McMurdo foi premiado com um contrato em 2016 para desenvolver protótipos funcionais do PRD que poderiam ser coordenados com o serviço & # 8217s PRSS.

& # 8220O Exército reconheceu a necessidade de complementar seu PRSS com um farol de emergência de modo duplo e fácil de usar para fornecer funcionalidade de relatório / localização inicial, mesmo em locais remotos, & # 8221 disse Mark Cianciolo, gerente geral da McMurdo & # 8217s programas aeroespaciais, de defesa e de governo, em um comunicado de imprensa de 2016.

O farol localizador pessoal McMurdo Inc. FastFind 220 usado pela Guarda Costeira. O Exército dos EUA concedeu a McMurdo um contrato de US $ 34 milhões para dispositivos de recuperação pessoais semelhantes a serem usados ​​para localizar soldados desaparecidos. (Foto do Grupo McMurdo)

Os faróis localizadores pessoais fabricados comercialmente se tornaram extremamente populares entre os alpinistas e outros aventureiros, que dependem deles para enviar um sinal para os resgatadores no caso de se ferirem em locais remotos.

O dispositivo de posicionamento McMurdo & # 8217s foi projetado para atender aos padrões militares e tem precisão aprimorada. Ele também diminuiu os requisitos de tamanho, peso e energia, afirma o lançamento.

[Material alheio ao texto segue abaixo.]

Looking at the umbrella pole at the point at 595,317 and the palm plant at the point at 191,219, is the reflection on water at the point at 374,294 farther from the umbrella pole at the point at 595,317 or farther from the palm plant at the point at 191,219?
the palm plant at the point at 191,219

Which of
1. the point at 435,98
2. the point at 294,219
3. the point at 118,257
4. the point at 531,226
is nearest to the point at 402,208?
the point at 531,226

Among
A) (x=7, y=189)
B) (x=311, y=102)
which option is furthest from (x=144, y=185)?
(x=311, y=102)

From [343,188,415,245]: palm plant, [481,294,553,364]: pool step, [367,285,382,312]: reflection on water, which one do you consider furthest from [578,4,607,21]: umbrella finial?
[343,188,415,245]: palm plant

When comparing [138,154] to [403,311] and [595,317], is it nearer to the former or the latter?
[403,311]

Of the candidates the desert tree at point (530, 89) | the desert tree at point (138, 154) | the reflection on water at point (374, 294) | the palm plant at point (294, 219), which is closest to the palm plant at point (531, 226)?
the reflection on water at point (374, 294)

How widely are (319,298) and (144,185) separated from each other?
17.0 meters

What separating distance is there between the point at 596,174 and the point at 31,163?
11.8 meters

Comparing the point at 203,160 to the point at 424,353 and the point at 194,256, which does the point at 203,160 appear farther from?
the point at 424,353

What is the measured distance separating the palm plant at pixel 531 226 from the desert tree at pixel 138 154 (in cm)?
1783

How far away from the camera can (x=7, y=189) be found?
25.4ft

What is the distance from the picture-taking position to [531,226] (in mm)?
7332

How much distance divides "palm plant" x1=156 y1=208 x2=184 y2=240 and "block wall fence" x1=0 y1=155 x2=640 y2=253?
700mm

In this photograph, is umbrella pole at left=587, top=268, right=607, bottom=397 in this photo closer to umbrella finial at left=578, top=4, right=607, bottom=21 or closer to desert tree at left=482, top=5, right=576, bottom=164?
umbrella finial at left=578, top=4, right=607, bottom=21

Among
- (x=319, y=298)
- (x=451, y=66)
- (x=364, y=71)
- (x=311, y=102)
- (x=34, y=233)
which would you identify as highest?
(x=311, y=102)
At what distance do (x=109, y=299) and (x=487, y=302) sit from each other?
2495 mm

" , Comunicado de imprensa de 2018.

O PRD é baseado na nova plataforma robusta e pequena de posicionamento, navegação e cronometragem (PNT) da Orolia & # 8217s, mas o lançamento não especifica o modelo exato que está sendo produzido para o Exército.

A Guarda Costeira concedeu a McMurdo um contrato de US $ 3 milhões em 2016 para 16.000 balizas localizadoras pessoais FastFind 220.

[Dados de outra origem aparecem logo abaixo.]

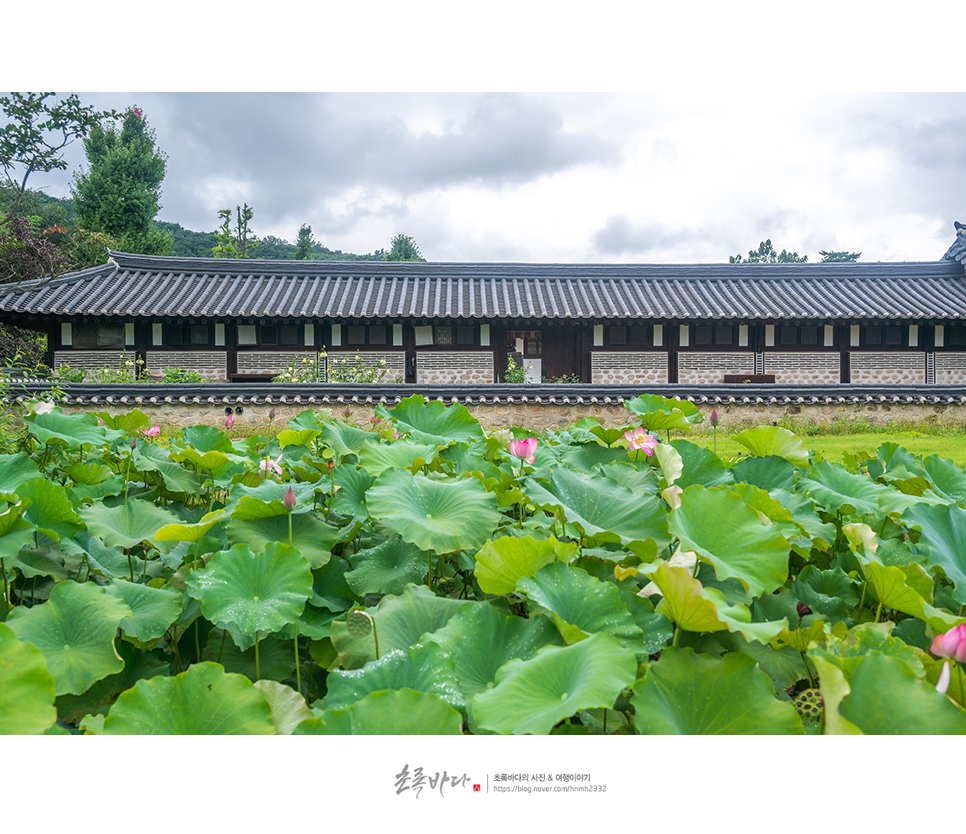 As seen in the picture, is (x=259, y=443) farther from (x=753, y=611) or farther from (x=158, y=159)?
(x=158, y=159)

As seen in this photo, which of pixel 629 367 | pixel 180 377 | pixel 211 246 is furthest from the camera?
pixel 211 246

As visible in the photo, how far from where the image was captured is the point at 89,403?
8.74 metres

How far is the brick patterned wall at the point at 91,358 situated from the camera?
1309cm

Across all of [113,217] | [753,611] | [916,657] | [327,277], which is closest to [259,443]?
[753,611]

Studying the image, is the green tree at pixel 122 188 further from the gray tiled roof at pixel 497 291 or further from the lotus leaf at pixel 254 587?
the lotus leaf at pixel 254 587

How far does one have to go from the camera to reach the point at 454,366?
13.8 meters

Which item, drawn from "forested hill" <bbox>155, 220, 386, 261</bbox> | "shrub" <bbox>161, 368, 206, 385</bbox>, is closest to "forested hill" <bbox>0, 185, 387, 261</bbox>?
"forested hill" <bbox>155, 220, 386, 261</bbox>

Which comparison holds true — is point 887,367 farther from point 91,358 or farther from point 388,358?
point 91,358

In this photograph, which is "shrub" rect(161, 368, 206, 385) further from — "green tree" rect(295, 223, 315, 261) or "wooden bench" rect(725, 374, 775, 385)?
"green tree" rect(295, 223, 315, 261)

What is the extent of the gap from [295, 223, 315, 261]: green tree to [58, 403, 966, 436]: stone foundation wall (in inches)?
906

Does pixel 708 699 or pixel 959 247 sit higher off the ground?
pixel 959 247

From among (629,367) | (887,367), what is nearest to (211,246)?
(629,367)

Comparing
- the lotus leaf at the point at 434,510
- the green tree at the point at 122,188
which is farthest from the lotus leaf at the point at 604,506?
the green tree at the point at 122,188

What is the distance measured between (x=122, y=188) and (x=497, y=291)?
650 inches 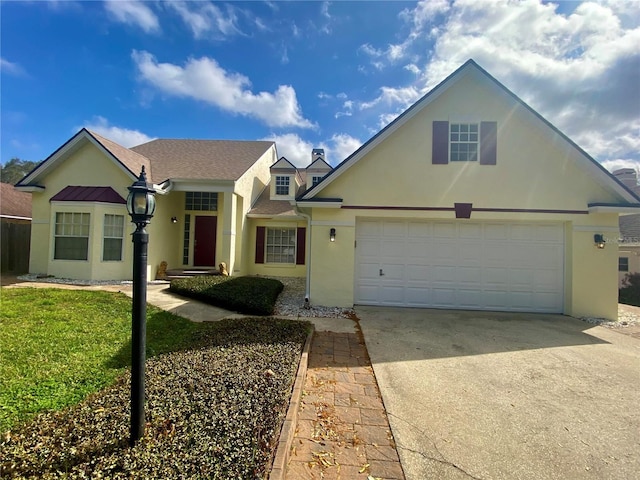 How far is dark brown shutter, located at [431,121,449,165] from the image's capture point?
8477 mm

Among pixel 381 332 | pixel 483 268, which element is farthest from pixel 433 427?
pixel 483 268

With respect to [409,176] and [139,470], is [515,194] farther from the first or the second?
[139,470]

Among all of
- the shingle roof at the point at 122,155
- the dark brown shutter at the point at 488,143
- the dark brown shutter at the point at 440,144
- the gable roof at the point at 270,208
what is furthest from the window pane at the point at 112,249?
the dark brown shutter at the point at 488,143

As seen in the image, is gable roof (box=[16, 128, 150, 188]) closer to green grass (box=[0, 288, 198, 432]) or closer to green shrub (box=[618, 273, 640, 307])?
green grass (box=[0, 288, 198, 432])

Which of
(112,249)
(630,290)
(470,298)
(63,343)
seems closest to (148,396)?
(63,343)

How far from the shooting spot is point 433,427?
3.24 metres

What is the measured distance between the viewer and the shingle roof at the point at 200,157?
12445 millimetres

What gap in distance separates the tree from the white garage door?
172 feet

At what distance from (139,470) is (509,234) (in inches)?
372

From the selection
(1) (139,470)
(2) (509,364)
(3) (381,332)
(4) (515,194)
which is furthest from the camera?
(4) (515,194)

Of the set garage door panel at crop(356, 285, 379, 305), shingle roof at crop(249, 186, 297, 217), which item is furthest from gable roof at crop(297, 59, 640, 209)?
shingle roof at crop(249, 186, 297, 217)

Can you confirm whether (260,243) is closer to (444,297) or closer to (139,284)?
(444,297)

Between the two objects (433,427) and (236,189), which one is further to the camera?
(236,189)

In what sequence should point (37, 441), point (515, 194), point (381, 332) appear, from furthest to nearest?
point (515, 194), point (381, 332), point (37, 441) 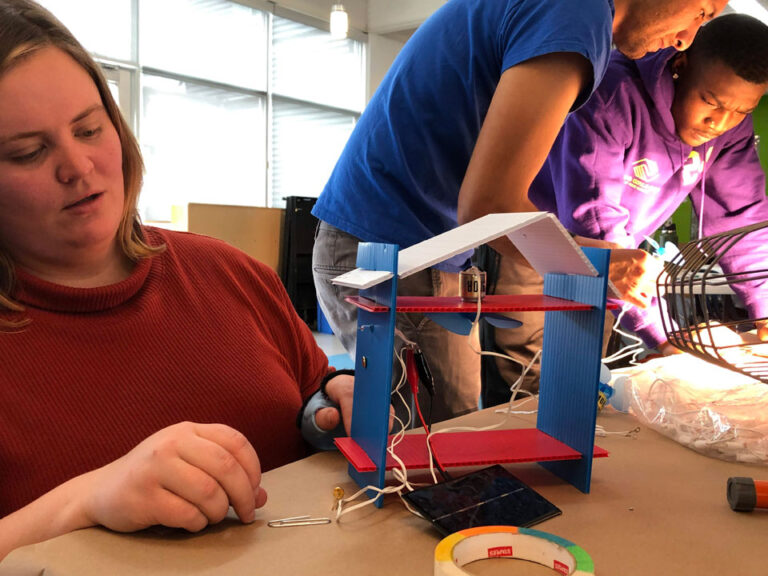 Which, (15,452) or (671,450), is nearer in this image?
(15,452)

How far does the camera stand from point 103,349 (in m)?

O FastFind 220 portátil é usado para notificar o pessoal de emergência durante uma emergência aérea, terrestre ou aquática em ambientes remotos ou de alto risco. Ele usa uma frequência de 406 MHz e transmite um sinal de socorro contendo informações exclusivas de identificação de beacon e dados de localização por meio do sistema internacional de busca e resgate por satélite operado pela Cospas-Sarsat, de acordo com um post de 17 de agosto de 2016 no Intelligent Aerospace.

Este artigo apareceu originalmente em Military.com. Siga @ military.com no Twitter.

Mais links de que gostamos

CULTURA PODEROSA

Militares dos EUA na Alemanha: o que você precisa saber

A decisão de retirar as tropas americanas da Alemanha marcaria uma grande mudança nas relações de defesa entre os dois países e remodelaria a base da presença militar americana na Europa desde a Segunda Guerra Mundial.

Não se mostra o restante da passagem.